# TASK DIRECTIONS
Copy the data exactly, pictures aside.
GIVEN INFORMATION START
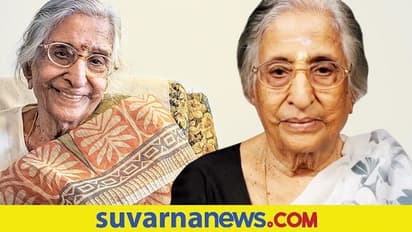 Dr Sharada Menon No More: ಭಾರತದ ಮೊದಲ ಮನೋವೈದ್ಯೆ ಶಾರದಾ ಮೆನನ್‌ ನಿಧನ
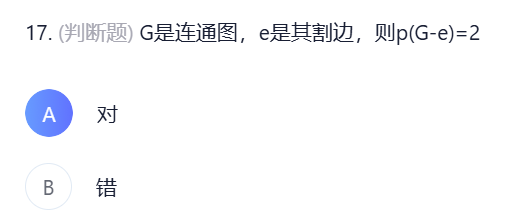 image-20250106205149074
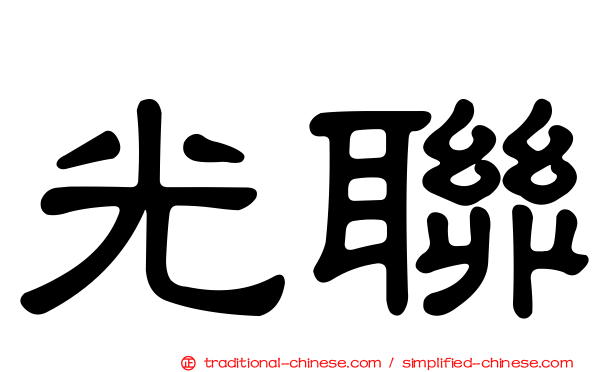 光聯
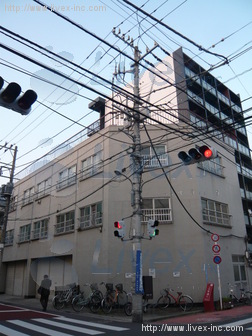 荒川ビル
GIVEN INFORMATION END
# ANSWER TO THE EXERCISE
 Dr Sharada Menon No More: ಭಾರತದ ಮೊದಲ ಮನೋವೈದ್ಯೆ ಶಾರದಾ ಮೆನನ್‌ ನಿಧನ
 image-20250106205149074
 光聯
 荒川ビル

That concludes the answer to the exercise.